Oedipus- Greek HeroHero"King of Thebes"

Also known as: Oidipous and Οἰδίπους

Loading graph...

Titles & Epithets

King of ThebesSolver of the RiddleTyrannosSwollen-Foot

Domains

fateknowledge

Symbols

staffbrooch pinscrossroads

Description

A foundling raised as a Corinthian prince, Oedipus fled Delphi's prophecy that he would kill his father and marry his mother. He killed a stranger at a crossroads and claimed Thebes by solving the Sphinx's riddle, then married the widowed queen. Every word of the oracle came true.

Mythology & Lore

The Oracle and the Exposed Child

Before Oedipus was born, an oracle from Delphi warned King Laius of Thebes that his son would kill him and marry his wife Jocasta. The curse traced back to Laius's youth: he had abducted the boy Chrysippus, son of Pelops, and the gods punished the Labdacid line for it. To prevent the prophecy's fulfilment, Laius ordered the infant's ankles pierced and pinned together and commanded a servant to expose the child on Mount Cithaeron to die. From this wound came his name: Oidipous, "swollen foot."

But the servant could not bring himself to kill the baby. He gave the child to a shepherd from Corinth, who brought him to King Polybus and Queen Merope. The childless royal couple adopted the foundling and raised him as their own son. Oedipus grew up believing he was the natural heir to Corinth's throne.

The Road from Delphi

As a young man, Oedipus heard rumours at a banquet that he was not truly Polybus's son. Disturbed, he travelled to Delphi to consult the oracle. Apollo's priestess refused to answer his question about his parentage and instead delivered the prophecy that he was destined to kill his father and marry his mother. Oedipus resolved never to return to Corinth, believing Polybus and Merope were his true parents.

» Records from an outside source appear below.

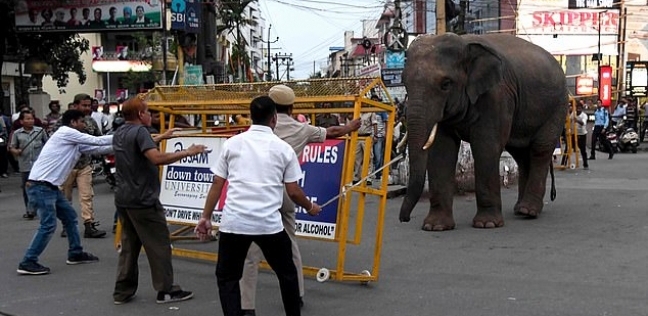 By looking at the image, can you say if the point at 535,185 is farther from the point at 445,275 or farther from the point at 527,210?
the point at 445,275

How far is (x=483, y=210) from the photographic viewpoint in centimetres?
981

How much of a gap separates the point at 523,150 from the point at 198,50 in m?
8.83

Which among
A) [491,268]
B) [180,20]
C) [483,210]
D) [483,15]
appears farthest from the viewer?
[483,15]

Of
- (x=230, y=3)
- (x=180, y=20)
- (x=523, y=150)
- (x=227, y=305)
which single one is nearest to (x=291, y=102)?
(x=227, y=305)

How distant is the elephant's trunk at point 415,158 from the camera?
329 inches

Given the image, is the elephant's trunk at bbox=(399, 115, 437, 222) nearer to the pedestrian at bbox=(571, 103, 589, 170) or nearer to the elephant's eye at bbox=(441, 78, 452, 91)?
the elephant's eye at bbox=(441, 78, 452, 91)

On the road from Delphi toward Boeotia, Oedipus came to a narrow junction where three roads met: the Schiste, or "Split Road." A herald ordered Oedipus aside to make way for a chariot. When the old man in the chariot struck Oedipus with a goad, Oedipus killed him and all his attendants except one who fled. The old man was Laius. The sole surviving witness was the same servant who had been ordered to expose the infant years before.

The Sphinx and the Throne

Continuing toward Thebes, Oedipus encountered the Sphinx, a winged creature with a woman's head on a lion's body, which terrorised the city from its perch on Mount Phicium. It killed every traveller who could not answer its riddle: "What walks on four legs in the morning, two at noon, and three in the evening?"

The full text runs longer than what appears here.